Work required –
There is material below. Print exactly the lines starting at the line with "Eyelash Extension Uv" and ending at the line with "MIDNIGHT AJRAKH COW PRINT SHIRT", ends included, and no others.

Data records –

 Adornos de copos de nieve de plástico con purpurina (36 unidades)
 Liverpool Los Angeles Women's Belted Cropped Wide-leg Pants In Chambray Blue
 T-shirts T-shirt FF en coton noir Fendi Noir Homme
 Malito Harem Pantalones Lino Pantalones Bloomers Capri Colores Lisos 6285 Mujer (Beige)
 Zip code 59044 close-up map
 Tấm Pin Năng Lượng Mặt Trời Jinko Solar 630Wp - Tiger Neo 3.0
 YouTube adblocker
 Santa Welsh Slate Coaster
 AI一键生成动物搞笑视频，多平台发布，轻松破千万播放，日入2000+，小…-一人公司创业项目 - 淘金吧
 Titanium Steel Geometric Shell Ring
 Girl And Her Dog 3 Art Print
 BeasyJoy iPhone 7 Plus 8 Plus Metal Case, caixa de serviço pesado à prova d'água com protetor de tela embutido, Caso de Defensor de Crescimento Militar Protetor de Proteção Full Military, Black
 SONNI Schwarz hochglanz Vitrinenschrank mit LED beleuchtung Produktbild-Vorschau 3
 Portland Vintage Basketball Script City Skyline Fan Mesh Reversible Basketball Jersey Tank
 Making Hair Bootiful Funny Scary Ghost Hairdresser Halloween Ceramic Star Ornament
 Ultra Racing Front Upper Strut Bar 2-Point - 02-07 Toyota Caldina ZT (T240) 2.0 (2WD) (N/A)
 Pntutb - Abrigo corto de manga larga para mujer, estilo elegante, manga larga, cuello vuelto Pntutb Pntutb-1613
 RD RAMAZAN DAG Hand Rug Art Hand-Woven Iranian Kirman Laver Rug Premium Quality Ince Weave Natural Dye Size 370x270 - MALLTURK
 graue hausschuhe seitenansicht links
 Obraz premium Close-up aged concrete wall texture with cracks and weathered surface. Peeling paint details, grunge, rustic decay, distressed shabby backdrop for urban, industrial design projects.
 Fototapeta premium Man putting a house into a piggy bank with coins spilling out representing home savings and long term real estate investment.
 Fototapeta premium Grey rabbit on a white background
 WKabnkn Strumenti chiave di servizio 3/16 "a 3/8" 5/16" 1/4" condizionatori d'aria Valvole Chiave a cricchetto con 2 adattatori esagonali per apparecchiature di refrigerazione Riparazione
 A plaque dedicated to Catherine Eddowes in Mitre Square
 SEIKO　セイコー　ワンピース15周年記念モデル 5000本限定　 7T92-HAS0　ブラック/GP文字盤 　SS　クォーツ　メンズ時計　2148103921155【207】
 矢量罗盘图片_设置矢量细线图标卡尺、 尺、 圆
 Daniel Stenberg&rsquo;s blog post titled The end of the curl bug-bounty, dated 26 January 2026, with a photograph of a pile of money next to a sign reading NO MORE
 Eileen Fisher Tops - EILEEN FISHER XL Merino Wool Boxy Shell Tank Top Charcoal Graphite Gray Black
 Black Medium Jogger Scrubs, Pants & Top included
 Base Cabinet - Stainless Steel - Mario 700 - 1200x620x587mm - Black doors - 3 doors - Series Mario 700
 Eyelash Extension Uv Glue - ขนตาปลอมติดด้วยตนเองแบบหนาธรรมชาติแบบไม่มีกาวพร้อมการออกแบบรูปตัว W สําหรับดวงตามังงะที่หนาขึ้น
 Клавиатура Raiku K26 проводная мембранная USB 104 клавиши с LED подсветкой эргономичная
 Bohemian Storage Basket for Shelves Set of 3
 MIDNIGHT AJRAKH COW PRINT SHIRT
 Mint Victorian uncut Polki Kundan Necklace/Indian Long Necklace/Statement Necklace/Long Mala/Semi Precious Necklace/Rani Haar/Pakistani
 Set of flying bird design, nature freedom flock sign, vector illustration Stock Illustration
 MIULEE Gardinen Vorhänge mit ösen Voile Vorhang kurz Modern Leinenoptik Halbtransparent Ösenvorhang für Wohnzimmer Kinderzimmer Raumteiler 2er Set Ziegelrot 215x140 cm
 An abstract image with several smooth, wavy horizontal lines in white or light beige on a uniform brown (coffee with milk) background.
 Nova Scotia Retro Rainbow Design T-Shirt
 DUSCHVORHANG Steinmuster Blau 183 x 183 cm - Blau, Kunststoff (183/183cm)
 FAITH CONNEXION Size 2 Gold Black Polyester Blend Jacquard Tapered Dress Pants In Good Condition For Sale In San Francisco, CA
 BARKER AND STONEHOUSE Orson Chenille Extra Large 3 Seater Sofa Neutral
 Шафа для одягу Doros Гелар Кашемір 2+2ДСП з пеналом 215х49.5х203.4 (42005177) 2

Solution to the problem –
 Eyelash Extension Uv Glue - ขนตาปลอมติดด้วยตนเองแบบหนาธรรมชาติแบบไม่มีกาวพร้อมการออกแบบรูปตัว W สําหรับดวงตามังงะที่หนาขึ้น
 Клавиатура Raiku K26 проводная мембранная USB 104 клавиши с LED подсветкой эргономичная
 Bohemian Storage Basket for Shelves Set of 3
 MIDNIGHT AJRAKH COW PRINT SHIRT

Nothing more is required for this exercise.